THE CHANGING COMMUNITY

Everton, Straits of the Village

The CHANGING COMMUNITY

Merchants, servants and former slaves in the same congregation remind us of very different times. 

St George’s Church, at 240 feet above sea level, dominates Everton’s high ridge. In 1814, the former village with its cottages, Halliday’s Coffee House, welcoming inns, and the less welcoming 1783 Lock-Up Tower lay nearby to the south. Beyond the church’s west gate, fields tumbled down the hill towards the River Mersey. To the south west lay the densely packed town centre. 

Reflecting Liverpool’s history at that time and its shameful part in the triangular route of the transatlantic slave trade, the church’s early records log a small group of servants who worked for leading congregation members, but who by definition had been slaves in every sense before being brought here from the American colonies. It was not until the 1833 Abolition Act that slavery was finally abolished, albeit on a gradual basis.

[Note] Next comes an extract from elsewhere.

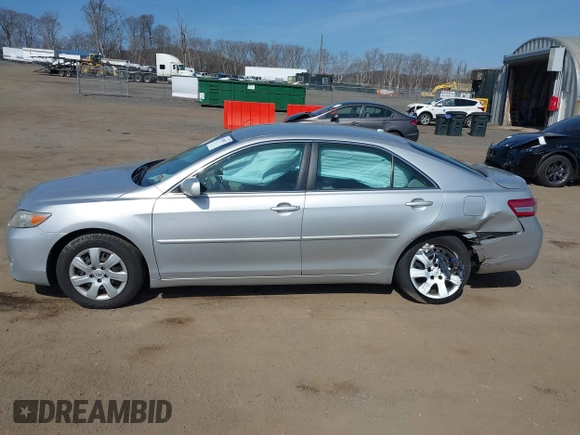 2011 Toyota Camry LE with VIN 4T4BF3EK6BR187499, listed as a IAAI auction lot 41800072 with 186,062 mi miles. Bid and sale history available at carsss.com. Image 14.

And so those early St George’s files reveal the following names:

 26.10.1817 – Charles Wallace: An African negro boy servant to George Seeley, late of Brazil, now of Everton.

18.2.1818 – Nicademus John Nickolas:  Born in Santa Cruz, said to be 23 years old and a servant.

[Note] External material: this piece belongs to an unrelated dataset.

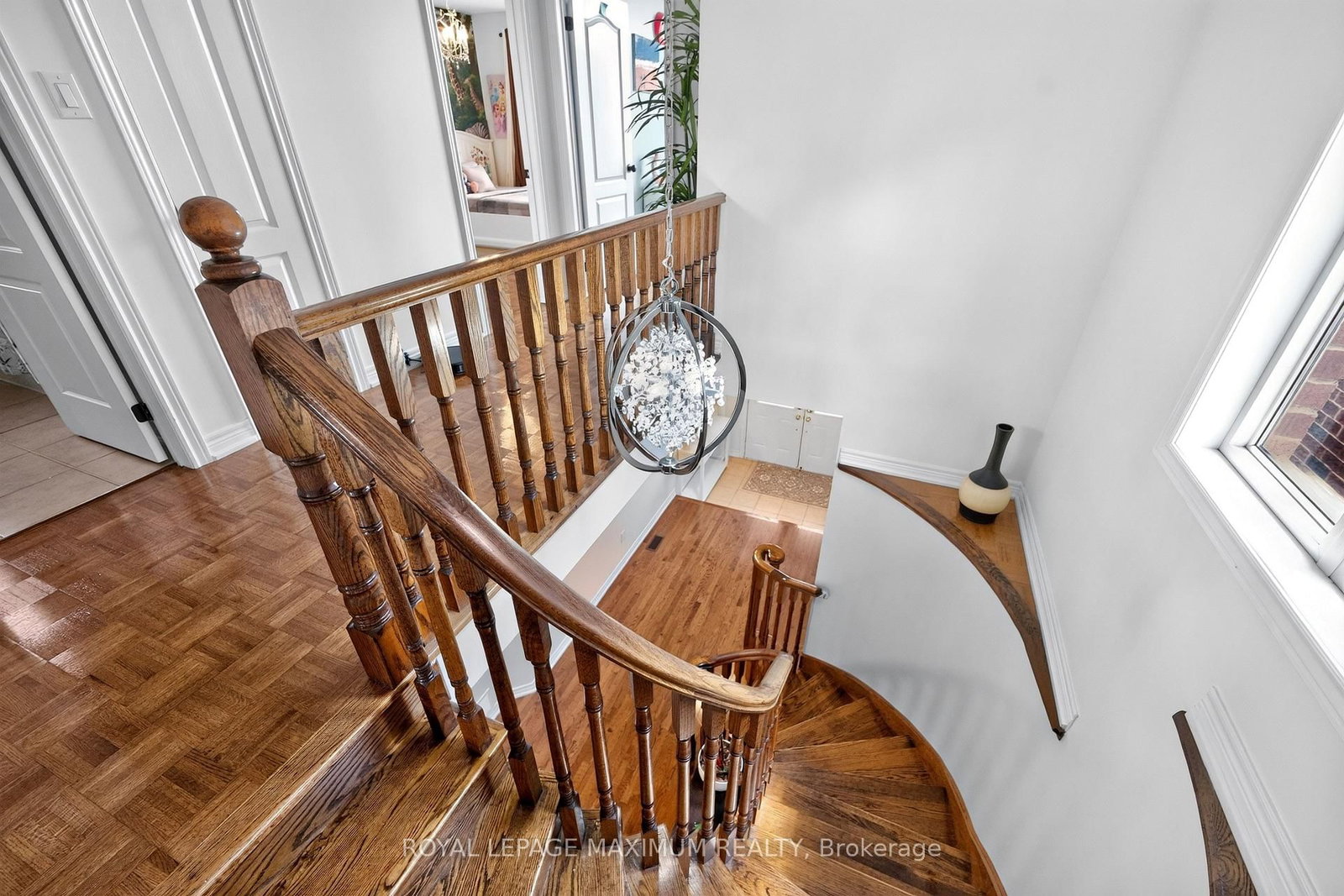 95 White Beach Crescent • Vaughan, ON photo 16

20.5.1818 – Antonio Samuel Wylie: Born in Mozambique and carried to Brazil as a slave, a servant of John Wylie.

15.11.1818 – Samuel Barnes: Born a slave in the island of Antigua, a gent’s servant.

12.4.1824 – Charles: An African negro bought at Buenos Aires, about 21 years old servant to Fred Dickson.

Our prayer is that these men ultimately integrated into Liverpool life. We hope to research this further moving forward.